God bless Paris Hilton for having the courage to address the problem of drunk elephants. Drunk elephants are everywhere these days: in our schools, our neighborhoods, our churches and synagogues, you can’t even go to the market anymore without drunk elephants intimidating you and harassing you for money. My sister was even raped by one. But Paris is standing up to those fatcats in DC, the ones advocating more drunk elephants.
Paris Hilton is being praised by conservationists for highlighting the problem of binge-drinking elephants in northeastern India.
Activists said a celebrity endorsement such as Hilton’s was sure to raise awareness of the plight of the pachyderms that get drunk on farmers’ homemade rice beer and then go on a rampage.
“The elephants get drunk all the time. It is becoming really dangerous. We need to stop making alcohol available to them,” Hilton said.
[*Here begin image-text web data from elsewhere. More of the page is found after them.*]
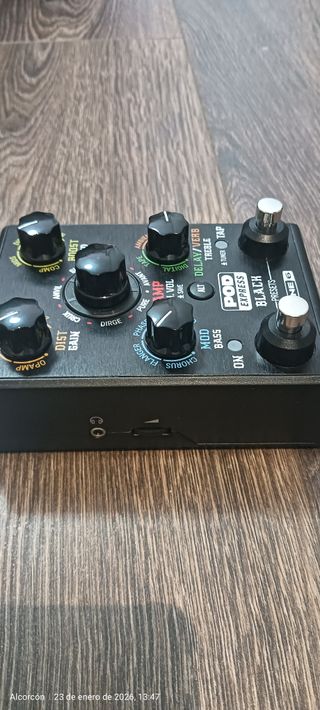 Pedal Multiefectos Line 6 Pod Express Black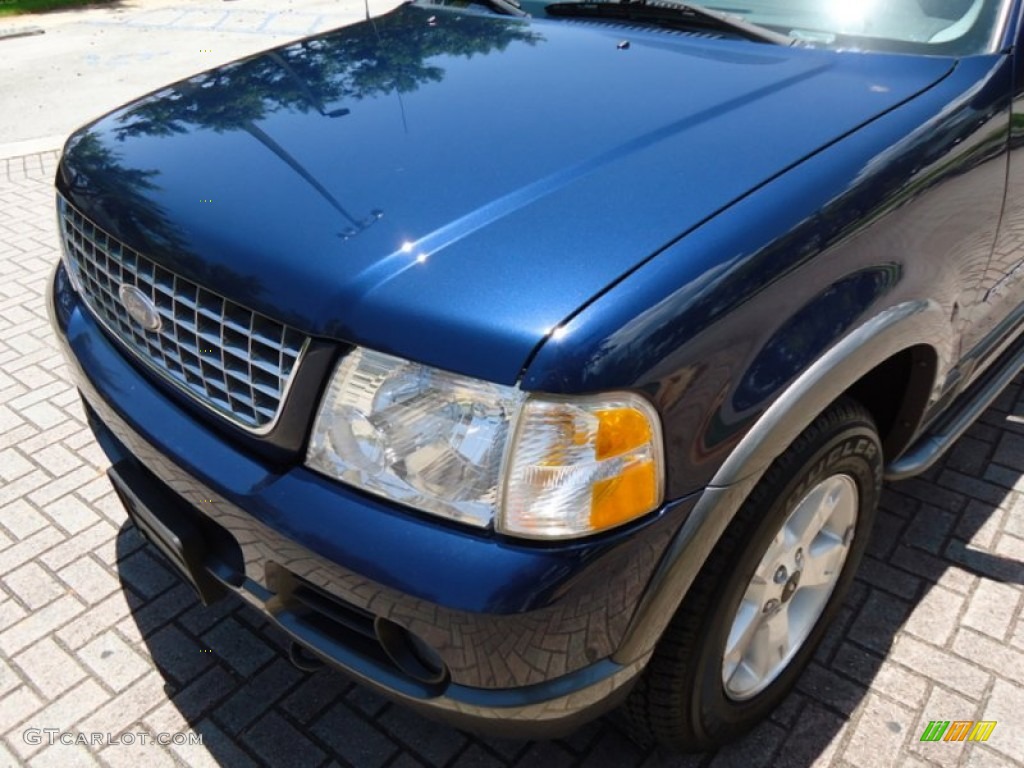 2004 Explorer XLT 4x4 - Dark Blue Pearl Metallic / Graphite photo #21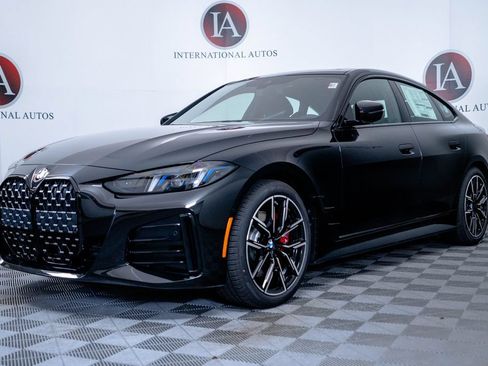 New 2026 BMW 430i xDrive w/ M Sport Package AWD/4WD image 3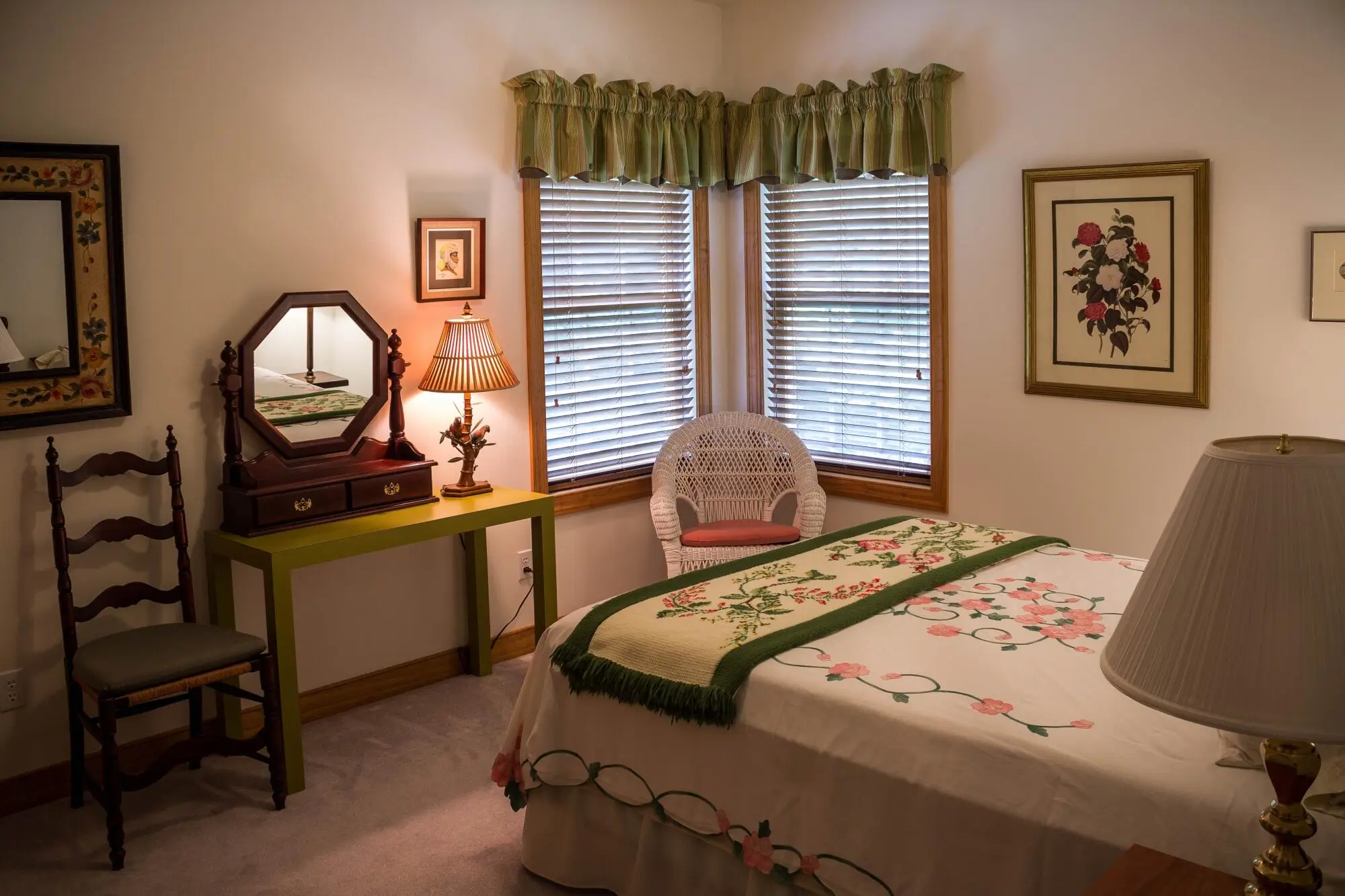 Attracting Guests in the Off-Season: Tips for Year-Round Bookings in Riverside, CA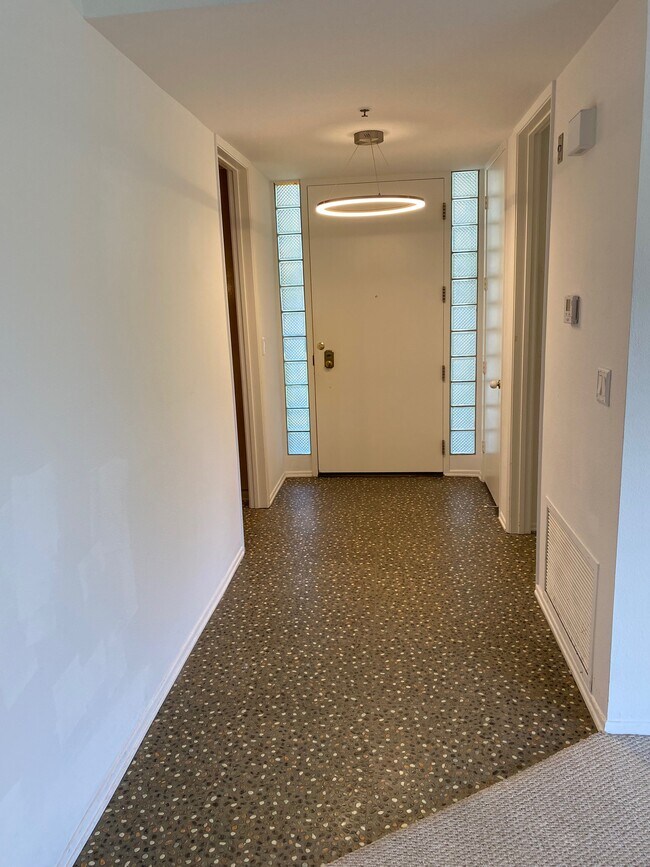 Foto del edificio - 2131 Century Park Ln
Last month, six wild elephants that broke into a farm in the state of Meghalaya were electrocuted after drinking the potent brew and then uprooting an electricity pole.
“There would have been more casualties if the villagers hadn’t chased them away. And four elephants died in a similar way three years ago. It is just so sad,” Hilton was quoted as saying in Tokyo last week.
Does Paris Hilton know what she’s talking about? A very bizarre cause, don’t you think?